Damit lässt sich auch erklären, warum das OECD-Regelwerk den Anwendungsbereich des QRTC nicht beschränkt. Bei der Gestaltung ihres Subventionsangebots sind die Staaten frei. Regierungen könnten damit künftig Unternehmen mittels QRTC auch steuerlich begünstigen, wenn diese etwa die Digitalisierung vorantreiben, die Vereinbarkeit von Beruf und Familie unterstützen oder in nachhaltige Technologien investieren. Besonders für Länder mit heute tiefen effektiven Steuersätzen wie die Schweiz setzt der QRTC damit problematische Anreize.

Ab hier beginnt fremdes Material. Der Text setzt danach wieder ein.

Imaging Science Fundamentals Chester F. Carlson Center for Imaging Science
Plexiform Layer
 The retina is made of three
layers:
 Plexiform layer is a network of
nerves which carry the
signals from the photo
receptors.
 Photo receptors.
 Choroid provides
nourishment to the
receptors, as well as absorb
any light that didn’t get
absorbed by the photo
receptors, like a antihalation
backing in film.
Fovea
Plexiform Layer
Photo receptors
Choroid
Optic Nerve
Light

Wie damit konkret die tatsächliche Steuerbelastung gesenkt werden kann, und was die heiklen Punkte dabei sind, das ist Gegenstand der nachfolgenden Blog-Beiträge dieser Serie:
- Wie Steuersätze unterhalb von 15% trotz Mindeststeuer möglich sind (Teil 2/3)
- Fallstricke des neuen Standortwettbewerbs (Teil 3/3)
Weiterführende Informationen zum Thema finden Sie in unserer Publikation «Schöne neue Steuerwelt».
[1] Betroffen sind indes auch Kantone mit einem Gewinnsteuersatz von über 15%, da mit der Reform auch die Bemessungsgrundlage international harmonisiert wird.
[2] Dies im Gegensatz zu Zusatzabzügen – wie dem in der Schweiz bekannten F&E-Zusatzabzügen –, die getreu ihrer Bezeichnung den steuerbaren Gewinn reduzieren.